We preprocessed all expression data by converting them to a standard normal distribution separately for each gene, as explained in (Wang and Michoel, 2017a).

Software to reproduce the results from this study is available at the following URLs:

● Findr: https://github.com/lingfeiwang/findr.

● lassopv: https://github.com/lingfeiwang/lassopv.

Results

Genetic Node Ordering Permits High-Dimensional Bayesian Network Inference

We developed a method for Bayesian network inference from high-dimensional systems genetics data which reconstructs a maximum-weight DAG from the confidence scores of pairwise causal inferences between gene expression traits using eQTLs as causal anchors, and which uses the node ordering induced by this DAG (termed “genetic node ordering” in reference to the use of genotype data to orient network edges) to decompose the Bayesian network inference task into a series of independent variable selection problems (Methods, An Algorithm for the Inference of Gene Regulatory Networks From Systems Genetics Data, Figure 1). Using an efficient implementation for the causal inference step (Wang and Michoel, 2017a), this approach allows to reconstruct Bayesian networks with thousands to ten-thousands of nodes. Our method is based on score-based Bayesian network inference methods for systems with pre-defined node orderings (Koller and Friedman, 2009; Shojaie and Michailidis, 2010), but differs in that the ordering is inferred from the same expression data, augmented with matched genotype data from the same samples, that is used for the subsequent Bayesian network log-likelihood maximization, using a single generative model (Methods, Bayesian Network Model for Systems Genetics Data), rather than relying on external prior information to determine the node ordering. Its computational efficiency is due to restricting the graph structure search space to Bayesian gene networks compatible with this inferred node ordering. This differs substantially from conventional score-based and constraint-based methods, including those that use genotype and gene expression data (Neto et al., 2010; Hageman et al., 2011; Tasaki et al., 2015), where the search space can only be reduced by limiting the possible number of parents for each gene to an artificially small number (Koller and Friedman, 2009). For clarity, a comparison of the main characteristics of the Bayesian network inference approaches considered in this paper is included in Supplementary Table S1.
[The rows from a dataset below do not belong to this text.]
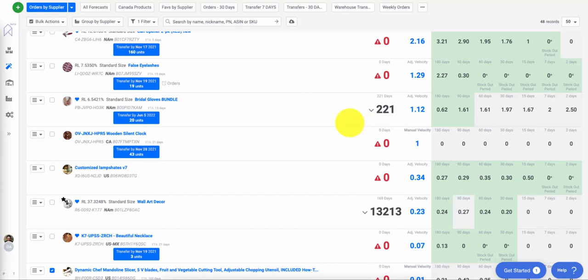Stockouts are typically periods of time where you don't have inventory, so you can't make sales, so your adjusted velocity tends to fall lower than it actually should be.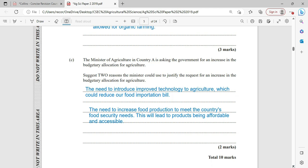The minister of agriculture in country A is asking the government for an increase in the budgetary allocation for agriculture. State two reasons the minister could use to justify this request. Firstly, the need to introduce improved technology to agriculture, which could reduce the food import bill. Farmers would be able to access more loans for agriculture, and better technology will be used to increase production, eventually increasing yields and reducing the need for importation of some goods. The need to increase food production to meet the country's needs.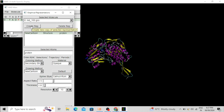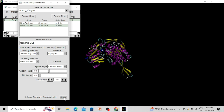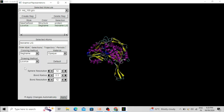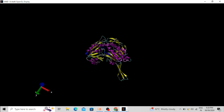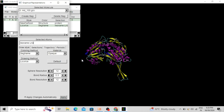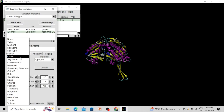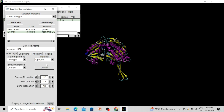If you want to add the ligand molecule, click Create Representation. Type the residue name — this residue name may differ in different molecular dynamics simulations. In my simulation the name of the residue is 'LIG', so type 'resname LIG' and click Apply. I am changing it to licorice and changing the color by residue type. You can select colors as you wish.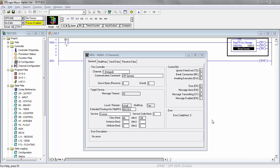This video will show you how to use the command control custom service using EtherNet/IP explicit communication using a MicroLogix PLC. In this example we have a MicroLogix 1100 PLC that we'll be using and we'll show you how to use it.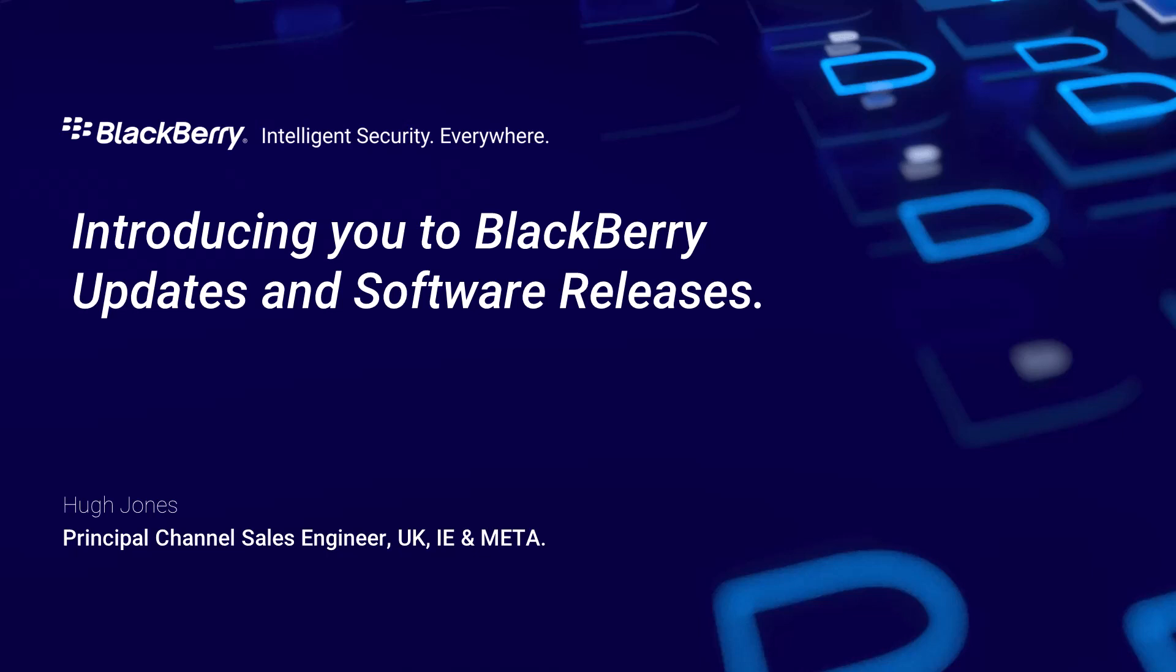Hello and welcome to this series of short videos introducing you to BlackBerry updates and software releases. My name is Hugh Jones, Principal Channel Sales Engineer with BlackBerry, covering the UK, Ireland, Middle East, Turkey and Africa.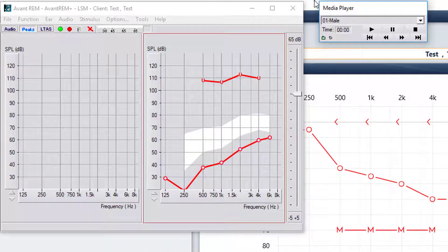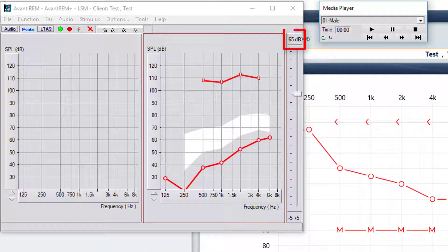So now that we have our file, we're going to pick our target. The default is 65, which is your average conversational speech.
Lasso-Findr Bayesian Networks Correctly Control False Discoveries

We inferred findr and lasso-findr Bayesian networks for the DREAM datasets, using Findr and lassopv respectively (Methods). The Findr method predicts targets for each regulator using a local FDR score (Storey and Tibshirani, 2003) which allows consistent, network-wide FDC (Chen et al., 2007; Wang and Michoel, 2017a). However, the enforcement of a gene ordering/Bayesian network partly broke the FDC, as the linearity between the numbers of false positive (i.e., significant here) and candidate regulators broke down at large candidate regulator counts (Figure 2A, Methods). This effect is confirmed on the larger Geuvadis dataset in Results on the Geuvadis Dataset Reaffirm Conclusions From Simulated Data. By performing an extra lasso regression on top of the acyclic findr network, proper FDC was restored in terms of the linear relation in the lasso-findr Bayesian network (Figure 2B, Supplementary Figure S1).

FIGURE 2

Figure 2 False discovery controls of different Bayesian networks. (A, B) The linearity test of findr (A) and lasso-findr (B) Bayesian networks at 10,000 significant interactions on DREAM dataset 1. (C) The histogram of significant regulator counts for each target gene in the bnlearn-hc Bayesian network with AIC penalty 8 on DREAM dataset 1.
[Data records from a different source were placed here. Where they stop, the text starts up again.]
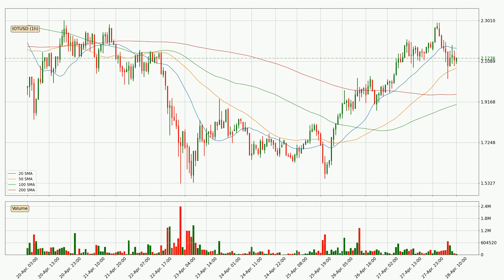Looking at the hourly simple moving averages, at the moment the price is between the 50 and the 20 SMA. If the price bounces off the 50 SMA, which is currently at 2.08, it could be seen as a support, and the 20 SMA that is at 2.17 could be perceived as a resistance to the upside. If there were to be a break either way, it means that there could be a continuous move in that direction.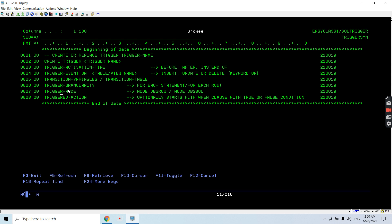After the activation time, we have the trigger event — the operation which has been performed on the table or view, that is INSERT, UPDATE, or DELETE. There can be multiple events handled on a single trigger using the keyword OR — for example, INSERT OR DELETE, or INSERT OR UPDATE. So like this we can have multiple events handled in a single trigger.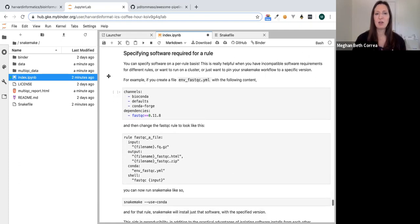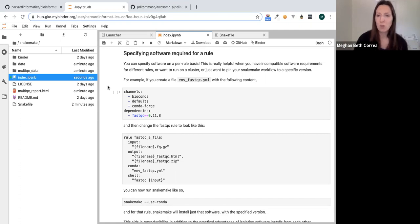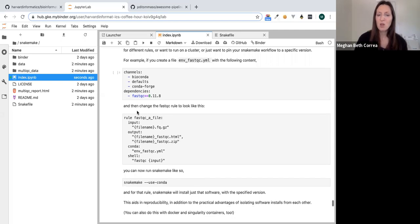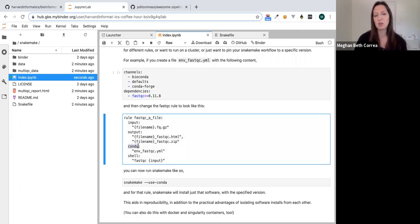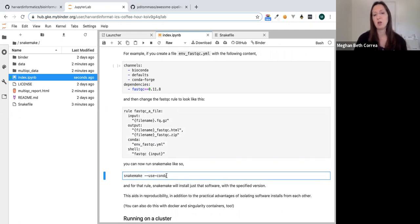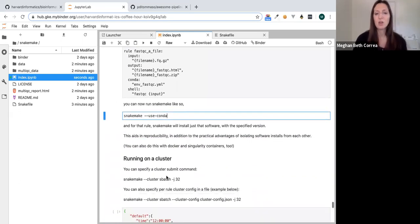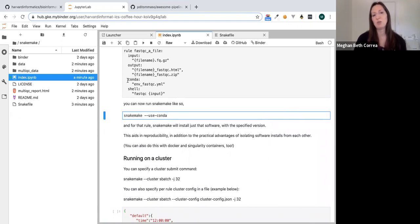You can specify software to install per rule rather than bundling everything into one environment. You do this by specifying a YAML file with dependencies — for example, mfastqc.yaml — and adding a 'conda:' section to your rule pointing to that file. When you run Snakemake with the --use-conda option, it installs those dependencies only for that rule. Similarly, there's a --use-singularity option allowing you to specify a Singularity image for a specific rule. Docker containers can also be used as Singularity containers.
In contrast, score-based bnlearn-hc Bayesian networks (Methods), inferred from multiple DREAM datasets and for a spectrum of network sparsities (AIC penalty strengths from 8 to 12 in steps of 0.5), displayed a highly skewed in-degree distribution, with most genes having few regulators, but several with near 80 regulators each, i.e., the maximum allowed (Figure 2C, Supplementary Figure S2). This is in conflict with the known in-degree sparsity of gene regulation networks, which is required for its modularity, indicating that score-based Bayesian networks lack a unified FDR control, i.e., that each gene retained incoming interactions at different FDR levels. We believe this is due to the log-likelihood score function employed by bnlearn-hc. Since the log-likelihood corresponds to the average logarithm of the unexplained variance, this score intrinsically tends to focus on the explanation of variances from a few variables/genes, especially in high-dimensional settings where this can lead to arbitrarily large score values (see Supplementary Information). Using the total proportion of explained variance as the score may spread regulations over more target genes, but this score is not implemented in bnlearn.
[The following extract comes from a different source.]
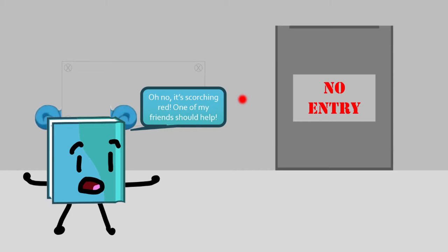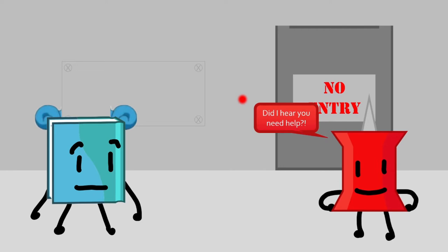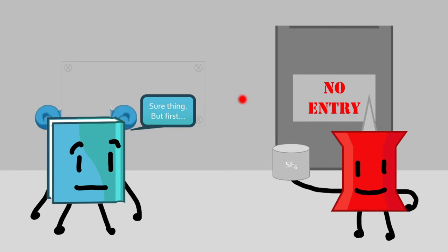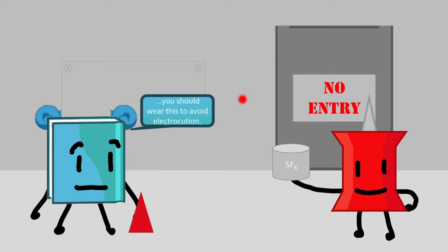Oh no, it's scorching! Red, one of my friends should help. Did I hear you need help? I got some sulfur hexafluoride. It was the last can in the convenience store that Inspector Selma goes to regularly. Sure thing, but first I should wear this to avoid electrocution. Okay.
Constraint-based bnlearn-fi Bayesian networks (Methods) did not allow for unbiased FDC either, as they do not have a fully adjustable sparsity level. We varied its “nominal type I error rate” from 0.001 to 0.2, but the number of significant interactions varied very little on DREAM dataset 1 (Supplementary Figure S3).

Incorporating genotypic information in score-based (bnlearn-hc-g) or constraint-based (bnlearn-fi-g) Bayesian networks did not resolve these issues, as the problems of lacking FDC and oversparsity persisted (Supplementary Figure S4, Supplementary Figure S5).

Findr and Lasso Bayesian Networks Recover Genuine Interactions More Accurately Than MCMC or Constraint-Based Networks

We compared the inferred Bayesian networks from all methods against the groundtruth network of the DREAM challenge. We drew PR curves, or points for the binary Bayesian networks from bnlearn-based methods, as shown in Figure 3 with areas under the PR curve (AUPR) in Supplementary Table S2. Bnlearn based methods could only recover ∼2% of total true regulations, after which they suffered from a sharply dropping precision and behaved like random predictions. The highest precisions they achieved could not exceed those by lasso or findr based methods at the respective recalls either. In addition, bnlearn could not obtain >10% recall within 4-day time limit with any of the methods attempted. In this sense, the findr, lasso-findr, and lasso-random Bayesian networks were more accurate predictors of the underlying network structure. The inclusion of genotypic information improved the precision of bnlearn methods, but it remained suboptimal than findr and lasso-based Bayesian networks.

FIGURE 3

Figure 3 Precision-recall curves/points of reconstructed Bayesian networks for DREAM dataset 1.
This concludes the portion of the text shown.